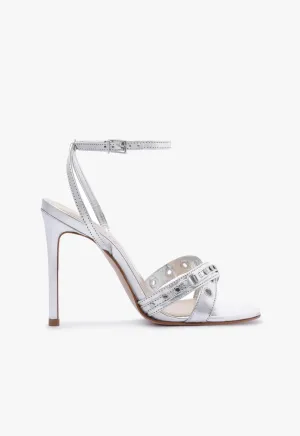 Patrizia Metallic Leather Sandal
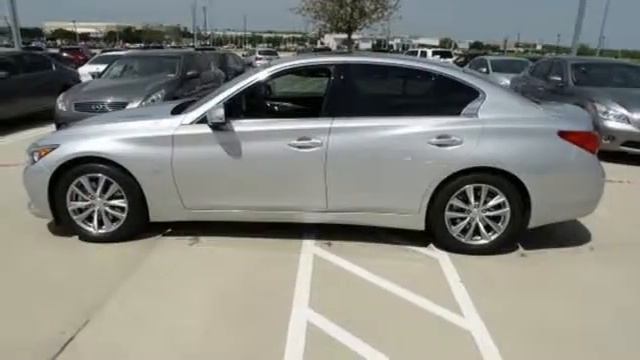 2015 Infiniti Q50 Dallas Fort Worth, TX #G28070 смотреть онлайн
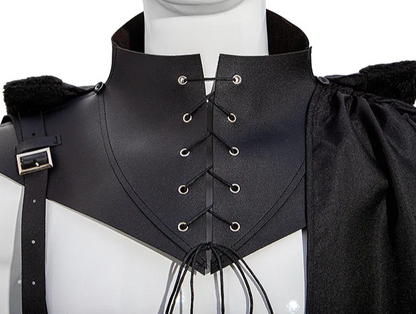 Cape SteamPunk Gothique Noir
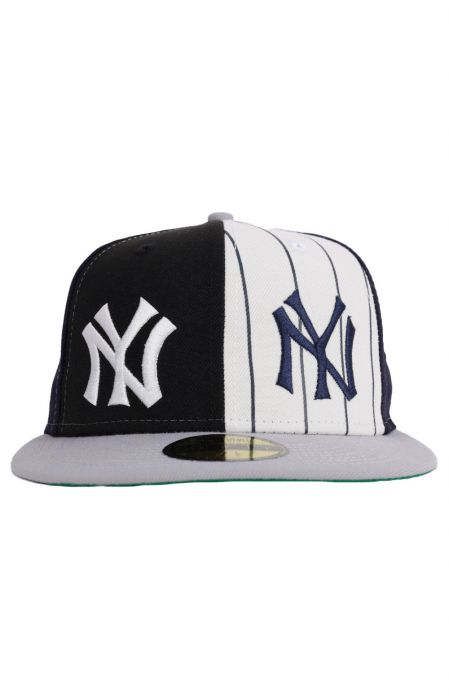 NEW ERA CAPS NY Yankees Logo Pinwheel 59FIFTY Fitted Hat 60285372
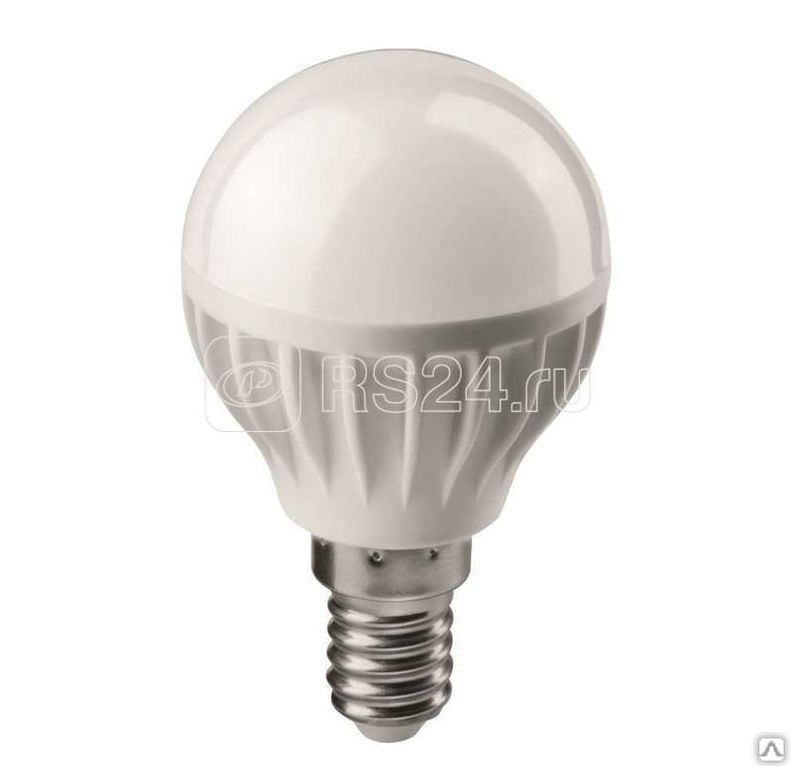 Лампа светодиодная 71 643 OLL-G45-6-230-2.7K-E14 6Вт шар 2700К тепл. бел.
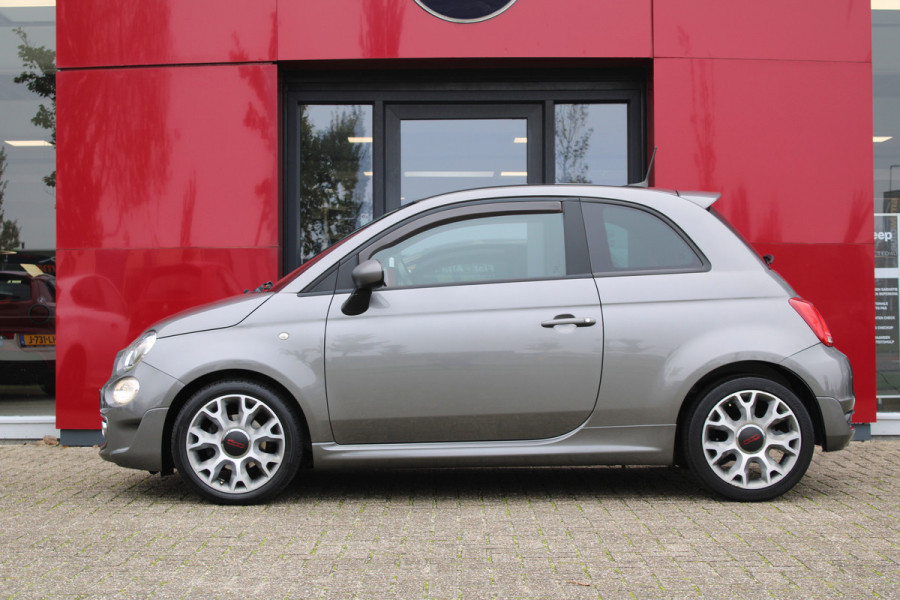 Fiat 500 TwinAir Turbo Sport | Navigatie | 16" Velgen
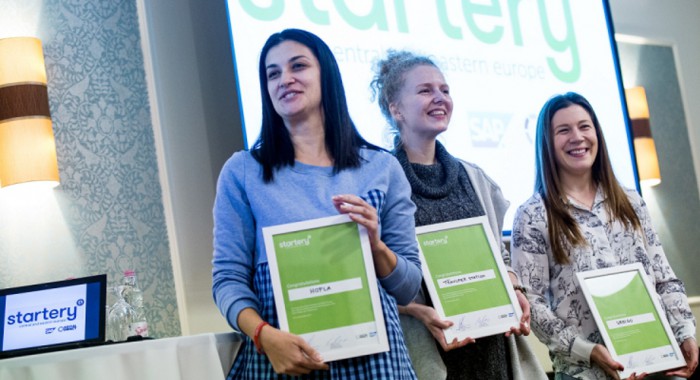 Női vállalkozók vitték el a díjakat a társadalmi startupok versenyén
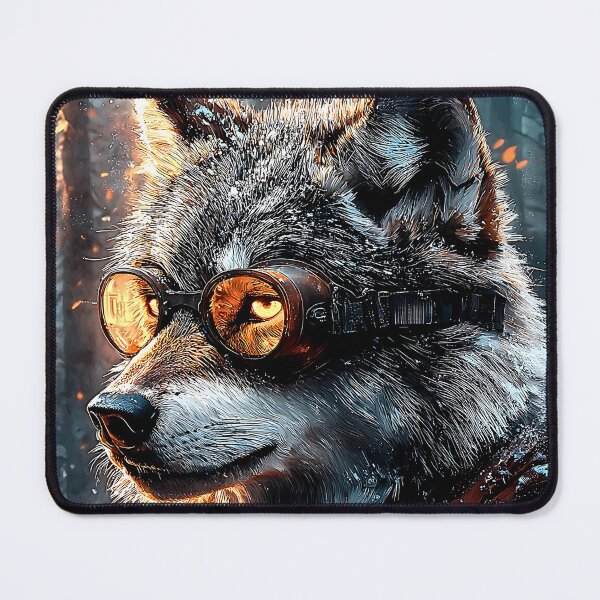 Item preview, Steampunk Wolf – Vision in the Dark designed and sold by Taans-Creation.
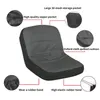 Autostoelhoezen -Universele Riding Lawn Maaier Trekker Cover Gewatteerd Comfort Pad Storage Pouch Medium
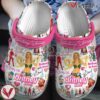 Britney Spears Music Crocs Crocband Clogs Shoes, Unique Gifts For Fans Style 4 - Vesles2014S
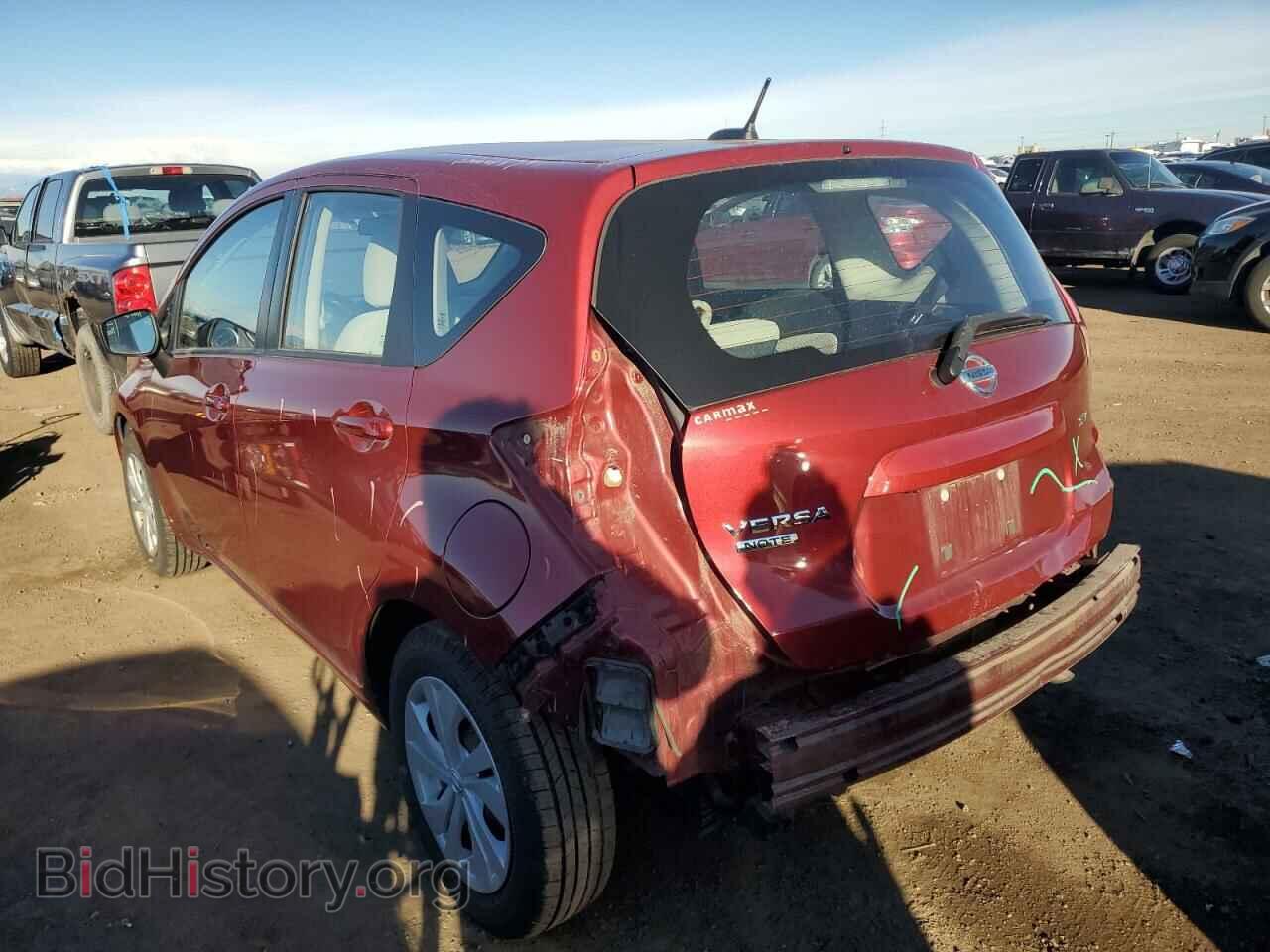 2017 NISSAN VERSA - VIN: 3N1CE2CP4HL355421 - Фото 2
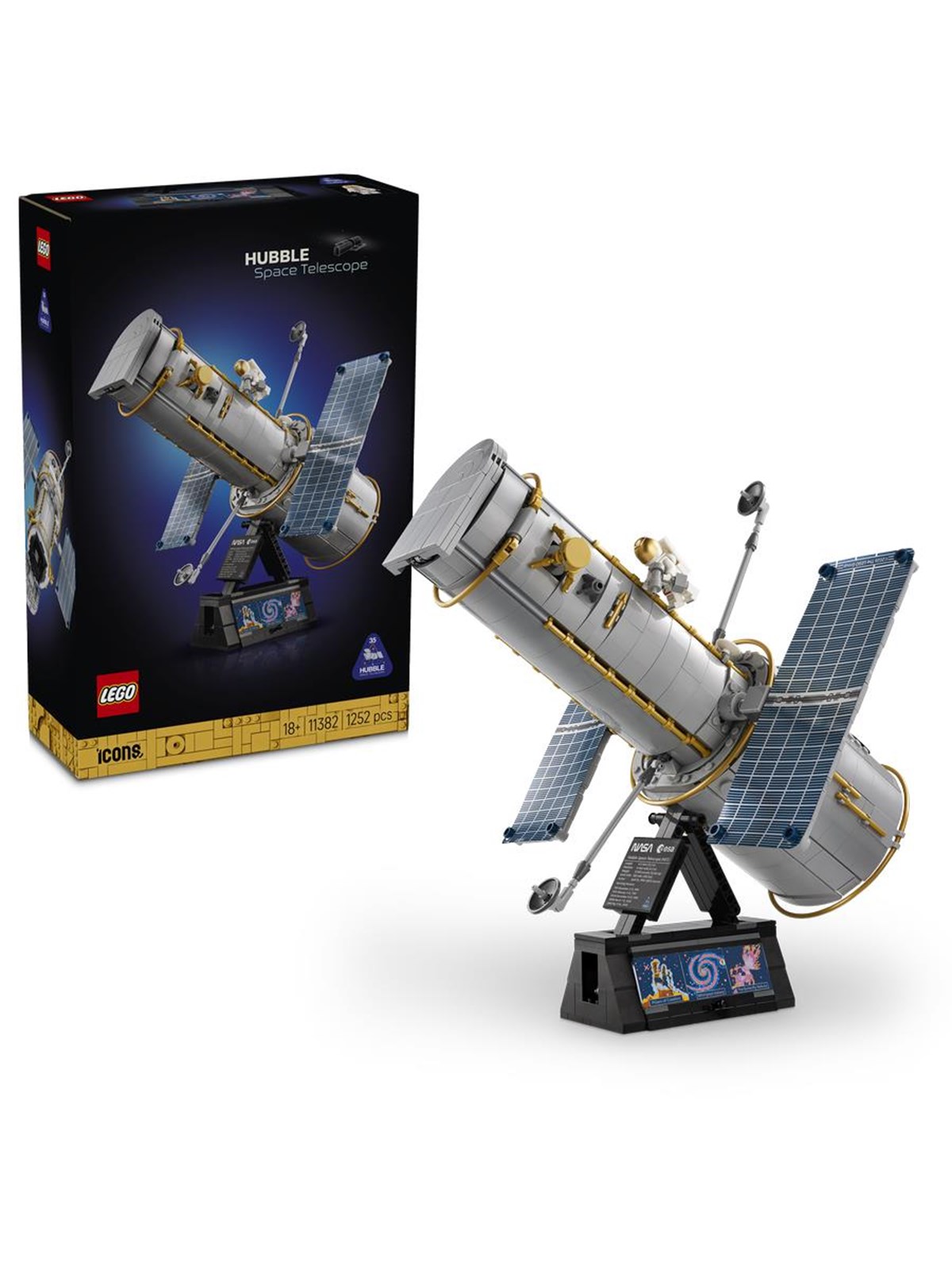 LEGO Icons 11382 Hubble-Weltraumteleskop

» TASK ITEM: Restate the preceding entries in full, word for word, with the pictures removed.

» ANSWER BOX:
 Patrizia Metallic Leather Sandal
 2015 Infiniti Q50 Dallas Fort Worth, TX #G28070 смотреть онлайн
 Cape SteamPunk Gothique Noir
 NEW ERA CAPS NY Yankees Logo Pinwheel 59FIFTY Fitted Hat 60285372
 Лампа светодиодная 71 643 OLL-G45-6-230-2.7K-E14 6Вт шар 2700К тепл. бел.
 Fiat 500 TwinAir Turbo Sport | Navigatie | 16" Velgen
 Női vállalkozók vitték el a díjakat a társadalmi startupok versenyén
 Item preview, Steampunk Wolf – Vision in the Dark designed and sold by Taans-Creation.
 Autostoelhoezen -Universele Riding Lawn Maaier Trekker Cover Gewatteerd Comfort Pad Storage Pouch Medium
 Britney Spears Music Crocs Crocband Clogs Shoes, Unique Gifts For Fans Style 4 - Vesles2014S
 2017 NISSAN VERSA - VIN: 3N1CE2CP4HL355421 - Фото 2
 LEGO Icons 11382 Hubble-Weltraumteleskop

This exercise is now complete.